The City of Chicago began its ‘public/private partnership’ bike share scheme earlier this year after seeking bids by companies interested in partnering with the city in 2012. While a local start-up, Bike Chicago, placed a bid for the city contract that offered to do the job for $26 million over a 5 year period, the company ALTA, a Portland OR based company that has contracted with several US cities including New York, Washington DC and Boston over the past two years in ‘public/private partnerships’ to provide bike share service, was able to secure the city contract for $65 million.
At the time ALTA received the contract from the City of Chicago, concerns arose that the bidding process for this partnership was tainted.
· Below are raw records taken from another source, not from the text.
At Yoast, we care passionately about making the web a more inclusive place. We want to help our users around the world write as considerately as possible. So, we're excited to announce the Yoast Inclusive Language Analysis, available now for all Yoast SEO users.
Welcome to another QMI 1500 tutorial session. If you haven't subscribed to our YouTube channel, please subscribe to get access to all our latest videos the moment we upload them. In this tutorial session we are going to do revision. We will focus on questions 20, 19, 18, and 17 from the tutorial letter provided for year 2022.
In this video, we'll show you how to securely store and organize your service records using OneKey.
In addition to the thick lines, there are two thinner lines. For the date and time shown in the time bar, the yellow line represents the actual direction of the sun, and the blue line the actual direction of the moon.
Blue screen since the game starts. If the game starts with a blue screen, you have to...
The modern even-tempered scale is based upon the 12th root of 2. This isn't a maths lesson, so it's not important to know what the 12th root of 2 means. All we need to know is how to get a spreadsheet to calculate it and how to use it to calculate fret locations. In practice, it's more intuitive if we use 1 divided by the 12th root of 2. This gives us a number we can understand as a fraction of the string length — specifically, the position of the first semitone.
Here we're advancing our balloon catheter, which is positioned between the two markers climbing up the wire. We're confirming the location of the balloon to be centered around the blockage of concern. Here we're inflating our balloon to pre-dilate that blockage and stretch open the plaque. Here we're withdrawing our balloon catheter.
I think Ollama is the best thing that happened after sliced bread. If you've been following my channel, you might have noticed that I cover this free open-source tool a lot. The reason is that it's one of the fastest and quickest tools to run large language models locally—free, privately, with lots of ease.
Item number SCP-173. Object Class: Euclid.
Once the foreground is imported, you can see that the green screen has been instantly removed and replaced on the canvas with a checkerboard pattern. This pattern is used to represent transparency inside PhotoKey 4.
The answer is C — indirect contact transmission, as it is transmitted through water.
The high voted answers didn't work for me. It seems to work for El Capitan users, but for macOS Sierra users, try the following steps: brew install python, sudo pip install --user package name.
It was discovered that Mayor Rahm Emmanuel’s (who was preiously White House Chief of Staff in the Obama administration) appointed city Transportation Commissioner, Gabe Klein, formerly worked for ALTA. The allegation of improprity is currently being investigated by the City of Chicago’s Inspector General.
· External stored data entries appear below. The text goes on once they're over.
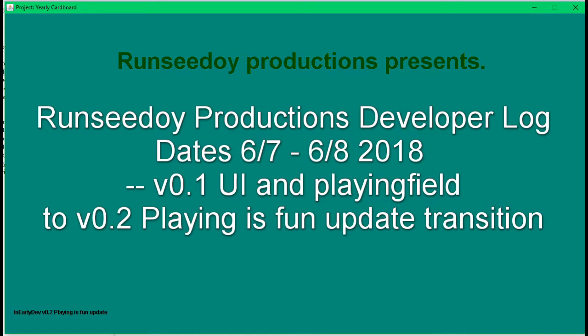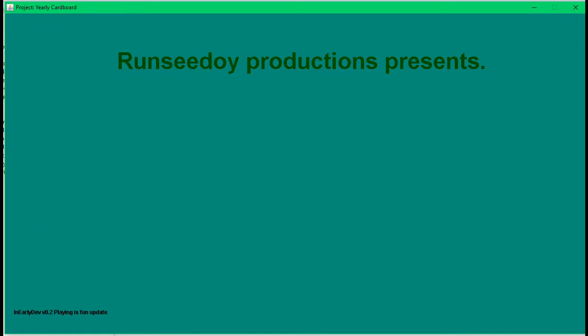Ronsi Dewey Productions Developer Log, date June 8, 2018. This update will cover version 0.1 and version 0.2.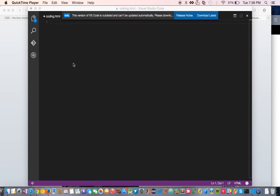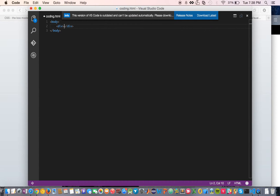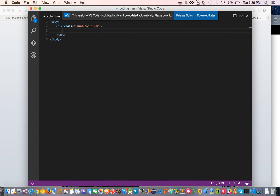I'd like to share some shortcuts I've learned in CSS and HTML. So here you go. I want to have a body with a div inside like this, and then I wanted to give this div a class of fluid container. That's perfect.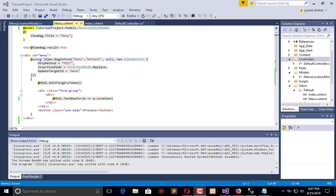In this video tutorial we will create three tabs: one for creating menu location, a second for listing, and a third for editing. But in the beginning we will work with only two tabs. We will use the Bootstrap solution to create these tabs.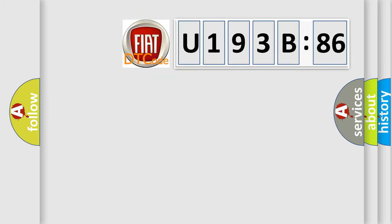So, what does the diagnostic trouble code U193B86 interpret specifically for Fiat car manufacturers?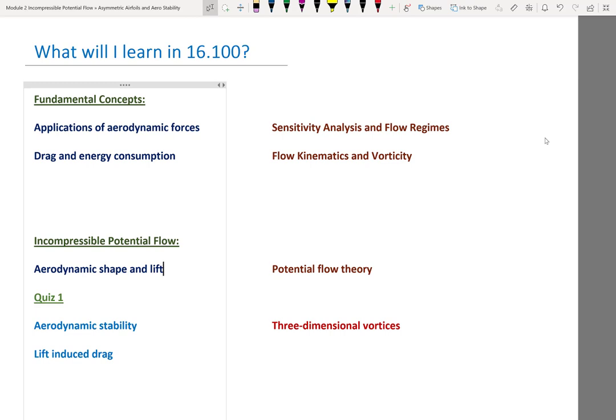We are halfway towards the end of the lecturing portion of 16.100, because the last quarter is really your design project. That means we are also halfway into our second module: incompressible potential flow. So far, we have looked at potential flow theory with the focus on two-dimensional potential flows. Within potential flows, there is the fantastic principle of superposition — if you know two incompressible potential flow fields, you can add them together and get a perfectly valid flow field.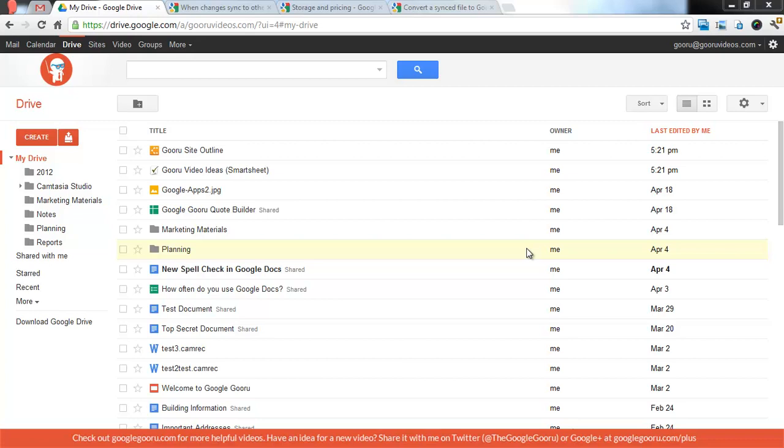Welcome back to Google Guru. Today I want to touch on a huge update to Google Apps and that's Google Drive.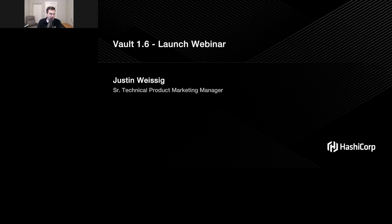I'm on the technical marketing team assigned to Vault, and on November 11th, we released Vault 1.6. I'm super excited to show you what we've been up to. We have a bunch of feature enhancements, a bunch of new functionality, and obviously a whole slew of bug fixes, so there's lots to check out.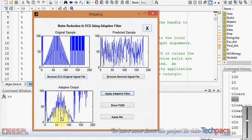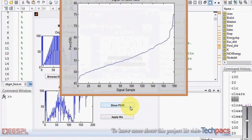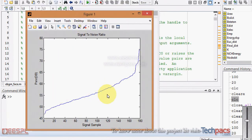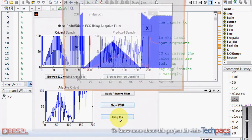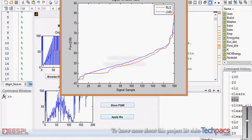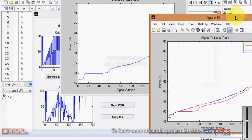We can also view that particular signal in the graphical user interface. To show the peak signal-to-noise ratio — it is increasing with respect to each sample, which means the noise is going to be decreased. When we apply the RLS algorithm, it generates this signal.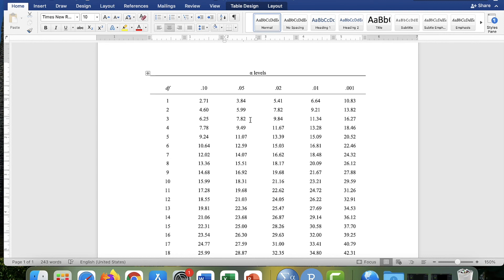So pretty straightforward. This is how you read Appendix H. And for those of you that have used previous editions of the book, Appendix H used to be Appendix E, but we had to change it to Appendix H with a new edition because I've added some new appendices, these new tables. So that's it for reading Appendix H. We'll see you next time.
The program was rolled out in Chicago this past June and about 1400 out of a projected 4000 bikes are ready for rental on the city’s streets. But revenues are not rolling in as projected by the players in this ‘public/private partnership’. As per usual in such contracts, if the costs of running the program exceed the revenues generated by the share service, then Illinois taxpayers are required under the contract to make up the difference. ALTA runs the program at the low, low cost of $2.33 million per month, so far the system has generated about $160,250 per month, or about 7 percent of the fee ALTA is to be paid. Admittedly, the $28 million cost for the first year of the program, is roughly one third of the contract’s total obligation – but at the current rate of revenue, there is little chance that the service will ever be able to be self-sustaining.
As President Obama will tell while looking you straight in the eye, these amazing melding of public funding, public risk and private profits will “create jobs…attract private investment…(have) less red tape to gum up the works…(and, by the way private companies will ensure that projects will be completed) better and faster.” (President Obama, April 1, 2013 Miami, FL).
The Chicago bike rental scheme received $22 million in federal grant money and $5.5 million in Illinois taxpayer funds to kick-start: that is $27.5 million in taxpayer funds out of the $28 million first year costs to run the program. As my math figures, that means ALTA coughed up around $500,000 to secure this keen $65 million 5 year public/private contract.
Chicago city officials, including Mayor Emmanuel, happily report that the numbers from 2 months of bike-sharing in Chicago show that the partnership is performing “beyond their expectations.” At a return rate of 7% of the expected costs to run the program, many Chicagoans are asking themselves just exactly what the signatories to the public/private scheme would consider to be “not meeting expectations” and also are trying to figure out which public (you know, just public) projects will have to be cut back or terminated to find dollars to pay ALTA’s end of this ‘public/private’ boondoggle.